How many schools are closed due to Covid? And other questions we can’t answer | #coronavirus | #kids. | #children | #schools


Dan French
Education Secretary Dan French discusses school reopening plans at a Covid-19 press briefing on August 18, 2020. Photo by Mike Dougherty/VTDigger

How many schools are remote-only in Vermont right now because of Covid-related cases and quarantines? That’s impossible to say, at least using data collected and reported by the state.

Speaking in late January, Education Secretary Dan French said that while the agency had, at one time, considered providing some sort of tracker to report on how many schools were closed at any given time, it had ultimately decided it just wasn’t worth the effort required of school districts to report such information.

“We have to acknowledge that that requires time away for schools to actually do the work, and they’ve got a lot on their plates right now,” he said. 

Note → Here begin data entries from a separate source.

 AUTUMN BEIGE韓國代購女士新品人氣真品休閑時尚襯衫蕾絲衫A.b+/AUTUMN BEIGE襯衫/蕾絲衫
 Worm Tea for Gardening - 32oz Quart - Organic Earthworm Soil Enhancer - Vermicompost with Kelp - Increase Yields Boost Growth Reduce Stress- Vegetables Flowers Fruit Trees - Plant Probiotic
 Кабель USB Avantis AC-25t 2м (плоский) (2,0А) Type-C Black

Besides, French argued, the monthly surveys give decision-makers the information they need.

“I don’t, from a state perspective, generally need to understand on a daily basis what’s going on in schools,” he said.

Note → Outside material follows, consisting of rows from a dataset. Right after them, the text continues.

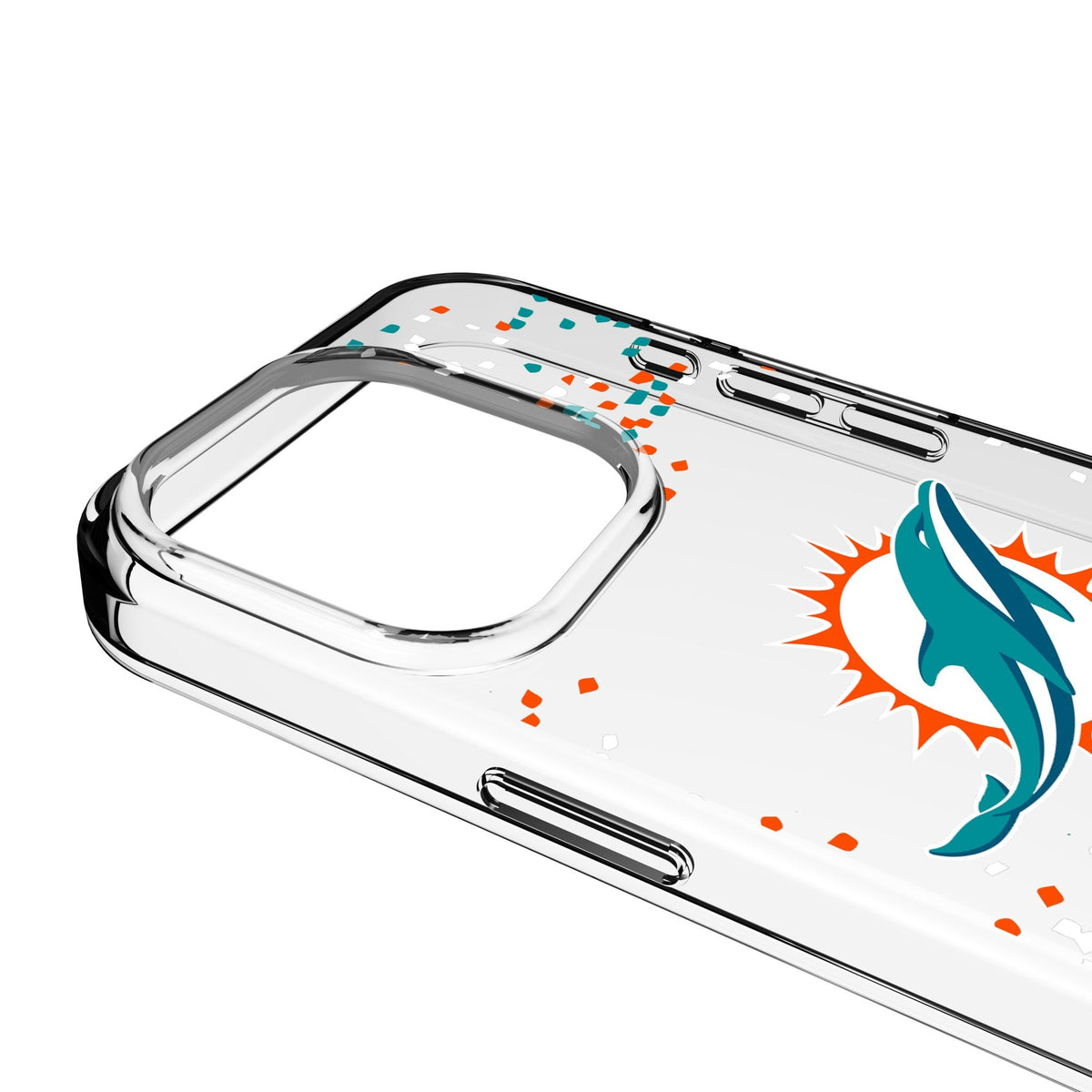Miami Dolphins Confetti Clear Phone Case for Apple iPhone 3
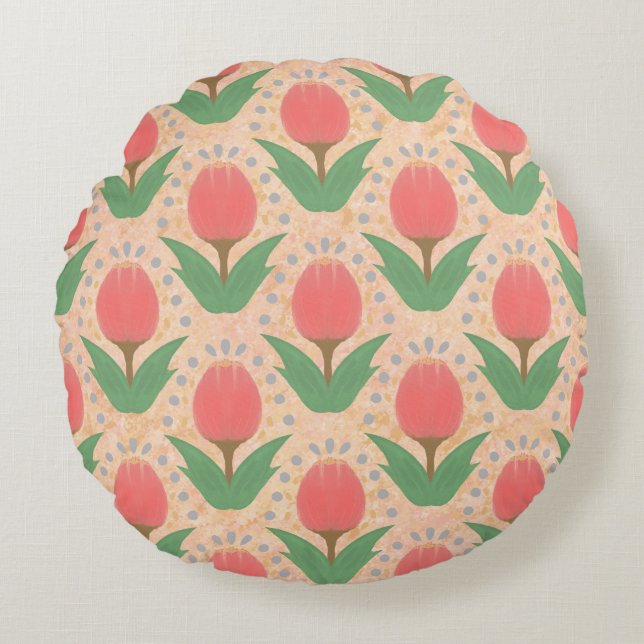 Cheerful Tulips Round Pillow Rond Kussen (Voorkant)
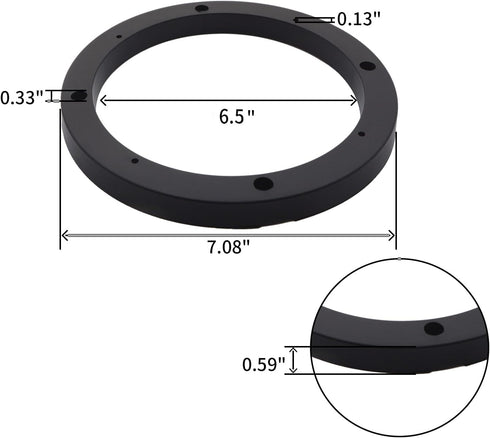 2PCS Black Plastic Speaker Spacer Adaptor Ring Mounting Bracket, 6.5 inches Dia Speaker Spacer Rings for Cars, Boats, Trucks, and More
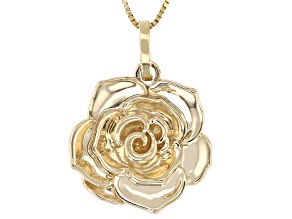 10k Yellow Gold Rose Pendant with Chain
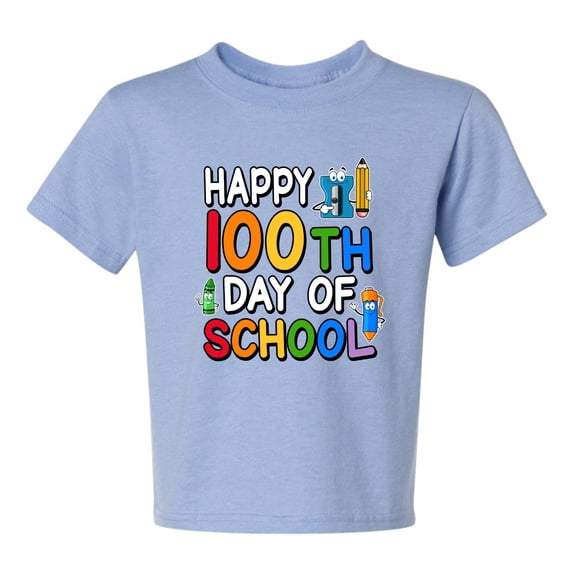 Wild Bobby Happy 100th Day of School Cute Pencil Marker, 100 Days of School 2024 2025 Design for Kids Youth Boys Girls School Unisex Boys Girls Graphic Youth T-Shirt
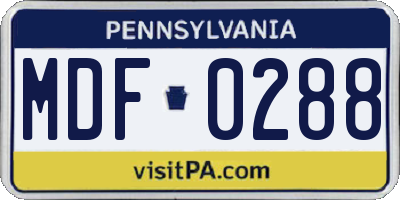 PA license plate MDF0288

But local school officials say they wouldn’t mind reporting that kind of information to the state — and could indeed benefit from the contextual information about their neighbors that data could give them.

David Younce, president of the Vermont Superintendents Association, said it would be “appropriate and manageable” for local school superintendents to report this sort of information — and useful.

“This would provide a more accurate picture of how daily health data regarding positive cases and transmission is actually impacting school in-person operations,” he said.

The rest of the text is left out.